Training the Tree
from sklearn.tree import DecisionTreeClassifier
model = DecisionTreeClassifier(
max_depth=4, # limits depth to prevent overfitting
criterion='gini', # splitting criterion (or 'entropy')
random_state=42
)
model.fit(X_train, y_train)
| Parameter | What it controls |
|---|---|
max_depth | Maximum levels; None = grow until pure |
criterion | 'gini' (default) or 'entropy' |
min_samples_split | Minimum samples to attempt a split |
min_samples_leaf | Minimum samples in each leaf |
Visualising the Tree
plot_tree() renders the tree as a matplotlib figure where you can see every decision:
from sklearn.tree import plot_tree
import matplotlib.pyplot as plt
plt.figure(figsize=(20, 10))
plot_tree(model,
feature_names=FEATURES,
class_names=CLASS_NAMES,
filled=True, # colour by majority class
rounded=True,
fontsize=10)
plt.tight_layout()
plt.show()
Each node shows: the split rule, Gini impurity, sample count, and class distribution.
Reading the Tree as Text
from sklearn.tree import export_text
rules = export_text(model, feature_names=FEATURES)
print(rules)
Output looks like:
|--- connection_rate <= 50.50
| |--- class: benign
|--- connection_rate > 50.50
| |--- unique_dest_ports <= 20.50
| | |--- bytes_sent <= 100000.00
| | | |--- class: benign
| | |--- bytes_sent > 100000.00
| | | |--- class: exfiltration
| |--- unique_dest_ports > 20.50
| | |--- class: port_scan
You can turn these rules directly into firewall policies or SIEM alerts.
Loading...
Loading...
Loading...
Think Deeper
Try this:
Export the tree as text and find the first rule. Could you explain this rule to a non-technical SOC analyst?
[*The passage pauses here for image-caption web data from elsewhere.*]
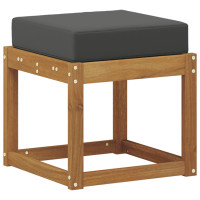 Produktbild för Pallbänk med kudde Naturlig och Antracit 43 x 43 x 37 cm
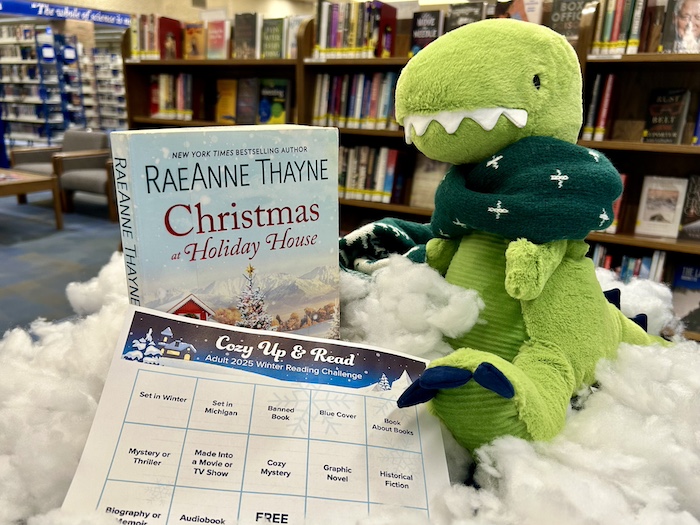 christmas a holiday home book and bingo card with stuffed animal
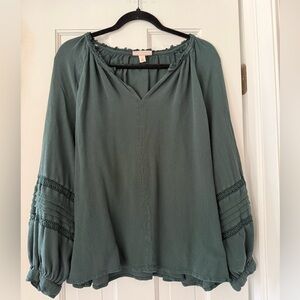 Women’s Knox Rose XL Green Boho Peasant Blouse Lace Sleeve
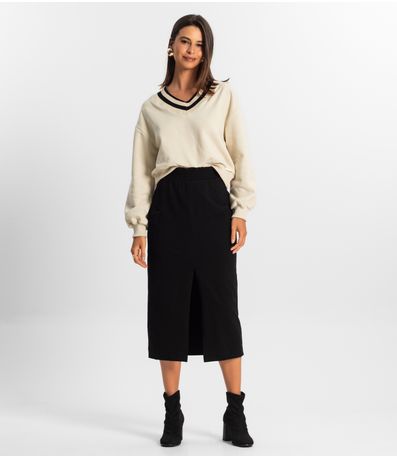 Saia Midi Cargo Feminino Rovitex Preto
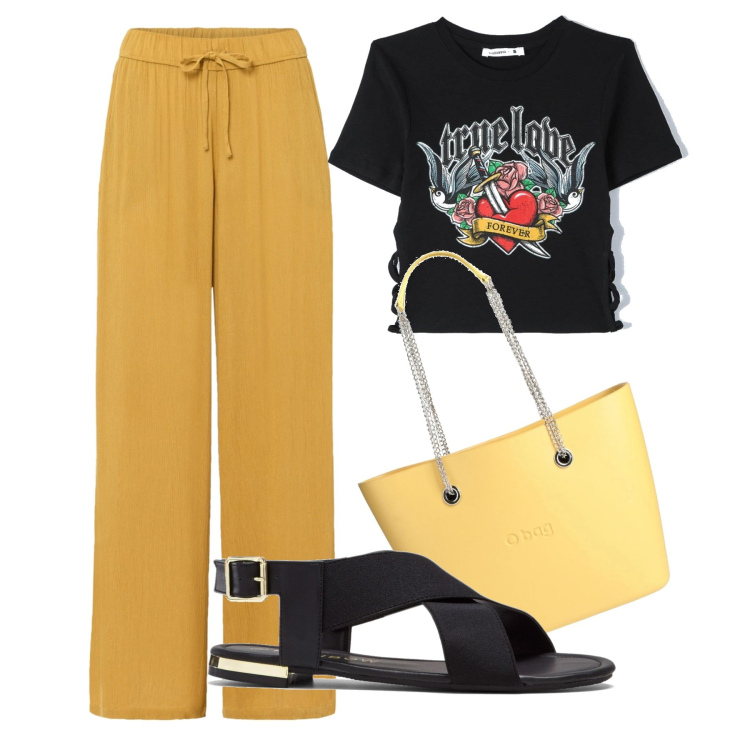 Outfit donna - I pantapalazzo sporty. Stile Basic per Tutti i giorni. Abbinamento con pantaloni a palazzo, sandali, borse a spalla, t-shirt.
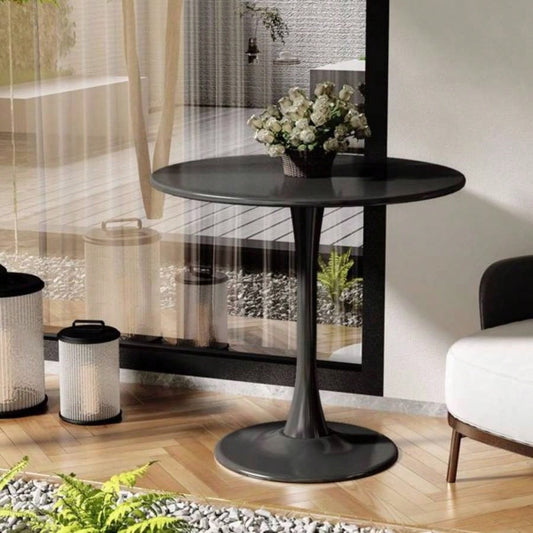 Modern Round Dining Table, 31.539; 39; Kitchen Dining Room Furniture, Coffee Table, Leisure Table, Living Room Table, Black, Gifts, Selections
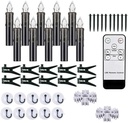 LED Kaarsen De Luxe Warmwit met afstandsbediening timer Zwart 10 stuks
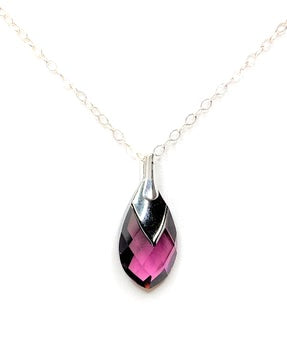 Amethyst Austrian Crystal Pendant | Purple Teardrop Necklace | 925 Sterling Silver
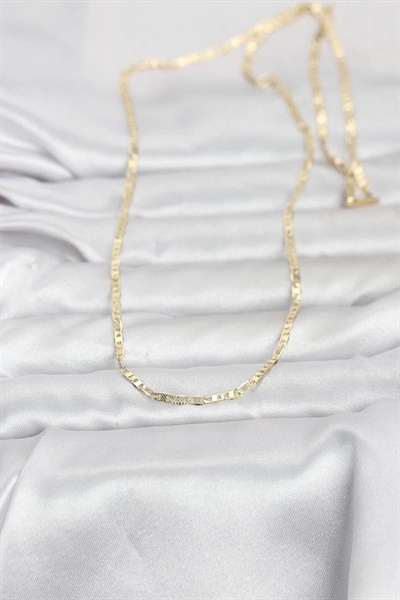 Mey İthalat® CM 14K Gold Renk Lazerli Yassı Model Zincirli 60 cm Kadın Kolye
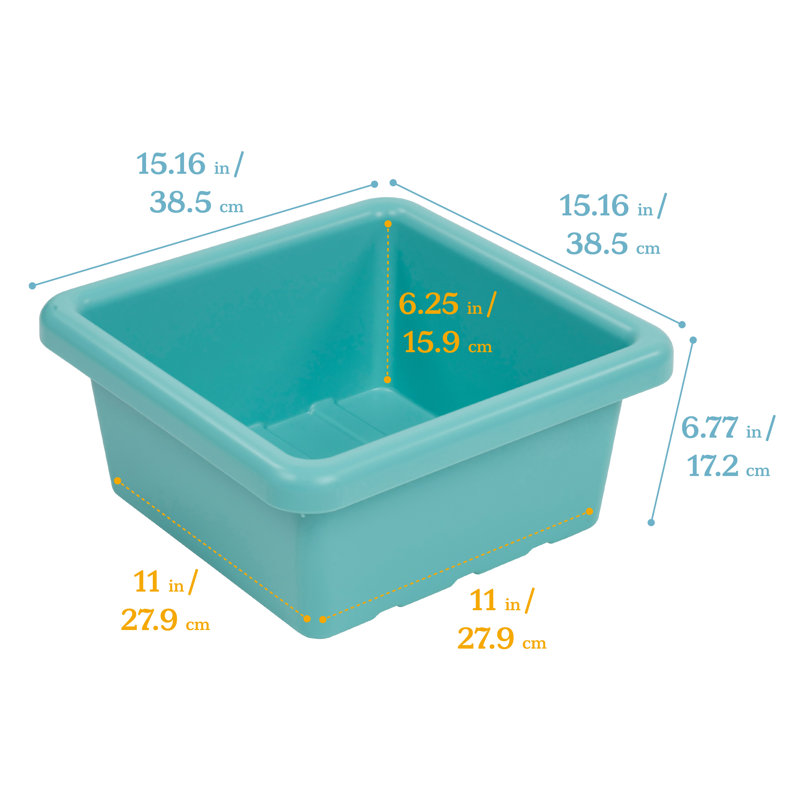 ECR4Kids Stackable Square Bins with Non-Snap Lids, Multipurpose Organization, 2-Pack, Seafoam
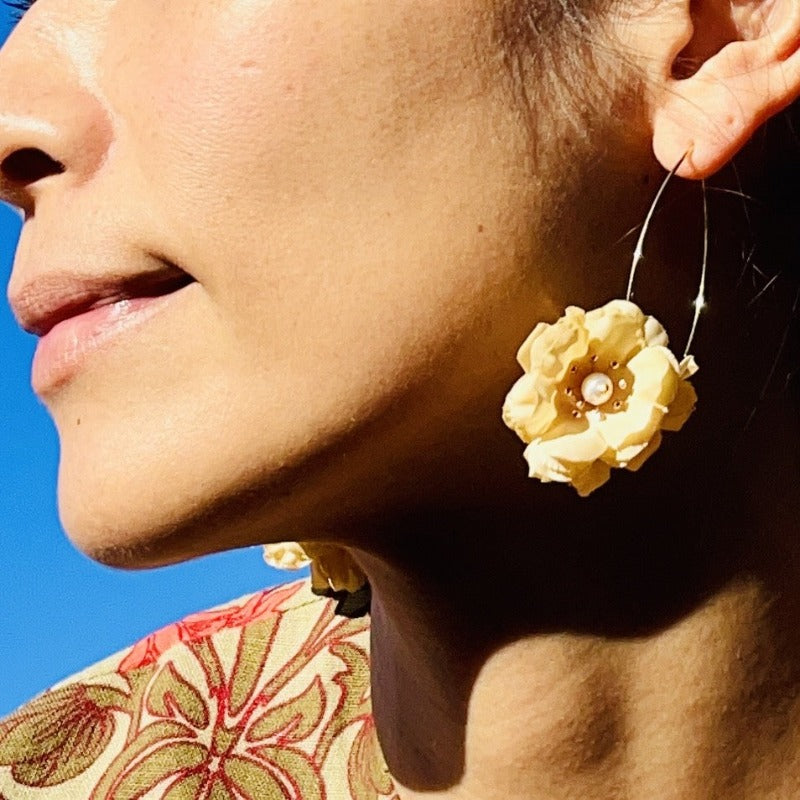 Yellow flower earrings,Romantic silky flower earrings, Best Wedding earrings. Best Party earrings. Boho style wedding earrings. Best earrings for Melbourne Cup. Best Bridal earrings. Best Party earrings. Best flower earrings. Best teacher’s gift idea. Best birthday gift for mum. Best Christmas gift for her. Light weighted earrings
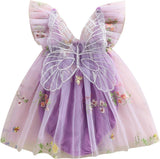 Baby Girl Halloween Costume Butterfly Wing Mesh Flower Sleeveless Tulle Fairy Romper Dress Birthday Tutu Dress - SHOMICOBOUTIQUE - Flyclothing LLC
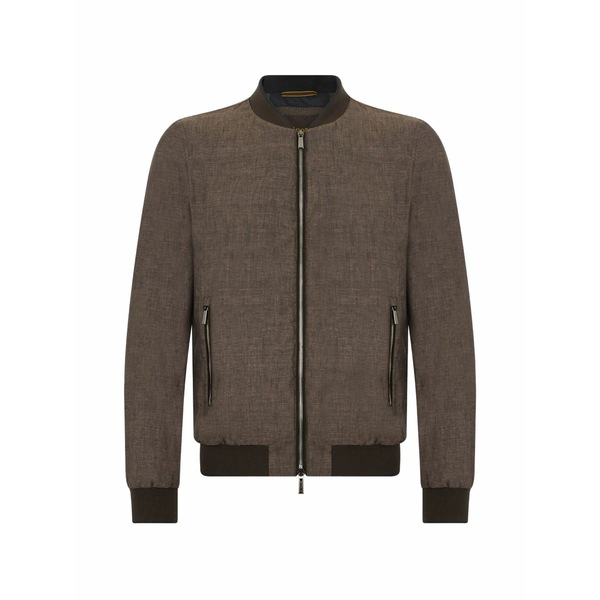 ムーレー メンズ 上衣＆上衣 アウター Ribbed bomber jacket Brown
Example: 'If connection_rate > 50.5 and unique_dest_ports > 20, classify as port_scan.' This is why decision trees are valuable in security — you can explain every prediction to a human. Try doing that with a neural network. Interpretability builds trust with analysts and auditors.
Cybersecurity tie-in: Tree rules can be directly translated into detection rules.
connection_rate > 50 AND unique_dest_ports > 20 → ALERT: possible port scan
is a rule your SIEM can execute. The model writes detection logic for you.